# Looking for a puppy for my family



## GSDBLACK (Nov 3, 2011)

I been reading through this forum about GSD, Great info 

Arizona Black DDR German Shepherds

Does anyone have any experience getting a puppy from the above breeder.

They State:

At Arizona Black Shepherds we strive to produce beautiful working German Shepherds by importing and using the best bloodlines. We focus on primarily old world east DDR lines for little health problems and outstanding looks with balanced drives. All our selected stock is clear headed, solid nerves and wonderful temperaments with dark pigments and beautiful looks. 

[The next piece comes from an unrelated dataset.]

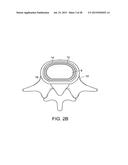 IN-SITU FORMED INTERVERTEBRAL FUSION DEVICE AND METHOD diagram and image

I'm looking for a somewhat active female dog (better with childrens, I read Females vs. Males) to be part of my family, I have two kids 12 & 14 as well. I want to spend my time and money training this dog to be a protector as well. I also want the health issues that GSD usually have (hips & elbows) removed by finding a breeder that tests for those health issues early in the development. A solid black GSD would be my ideal color...

Any help would be appreciated....

I want to do the research and get other GSD owners opinion to make the best decision in choosing a dog.

I am willing to travel and have the dog shipped to me, but I live in Conn and would gather drive to see the breeder operation then have a fly.

Thanks....


----------



## Emoore (Oct 9, 2002)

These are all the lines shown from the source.